Awesome! Very easy and VERY, VERY good. After reading previous reviews, I took many suggestion to great success. I used to 2 choice round steaks and cut them up. Added 2 more teaspoons of salt. Reduced Pepper to 1/2-teaspoon. The browning of the meat is definitely important, do this with care and make sure you get a nice crust on the meat without burning. Also added to great delight fresh herbs - thyme, sage, rosemary and 2 dry bay leaves as well as 1 can of crushed tomatoes + 2 tablespoons of Worchestire. will need a big pot, this makes alot. Another suggestion, brown meat and onions in another large saute pan and deglaze with a little of the broth and butter. I didn't have beef broth so I used beef boullion and boiling water instead and it still turned out great. Also, used corn starch mixed with water instead to thicken. It was all gone and even my mother loved it to my surprise. A definite WINNER and REPEAT recipe. Thanks Angel.


When I see FIVE STAR recipes reviewed by this many people, I expect the recipe itself to stand on it's own, with little or no modification. As is, this recipe is a TWO STAR; unless you like somewhat bland mashed potatoes with beef chunks, then I suppose it might be a FOUR STAR. I agree with many of the other reviewers that this DOES need spiced up. I, too, tried the stewed tomatoes, sage, rosemary, thyme, bay leaves and worcestershire sauce.

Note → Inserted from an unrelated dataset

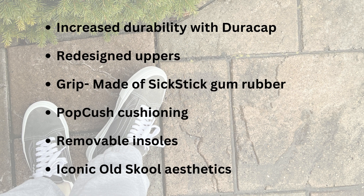The grip is made of Sick Stick gum rubber, which is apparently the stickiest rubber they've ever had. There's the Pop Cush cushioning, which they claim is their best cushioning and impact protection — and this is one of the main reasons I actually bought this shoe. Last but not least, a mix of suede and 6 and 10 ounce canvas has been used at the upper, maintaining the aesthetics of the original Old School shoe.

After those rather major modifications, I still cannot give this recipe a FIVE because, putting the potatoes in when instructed, I ended up with "tastier mashed potatoes with beef chunks". Being new to cooking stews, I had no idea that the two hour time would be excessive for potatoes. Everyone I've talked to since, including good old mother, said they normally add potatoes the last half hour or so of simmering. Which, makes sense since at about a half hour into the two hours, I got a bit nervous when the potatoes were done, but the carrots were not... AND the flavor had not had enough time to cook into the stew. Since I'm a novice chef and am more apt to "go by the book" rather than invent ideas on my own, I'd request anyone who got the PERFECT combination of spices and time frames together to improve upon this recipe to create a brand new (and improved) entry on this site.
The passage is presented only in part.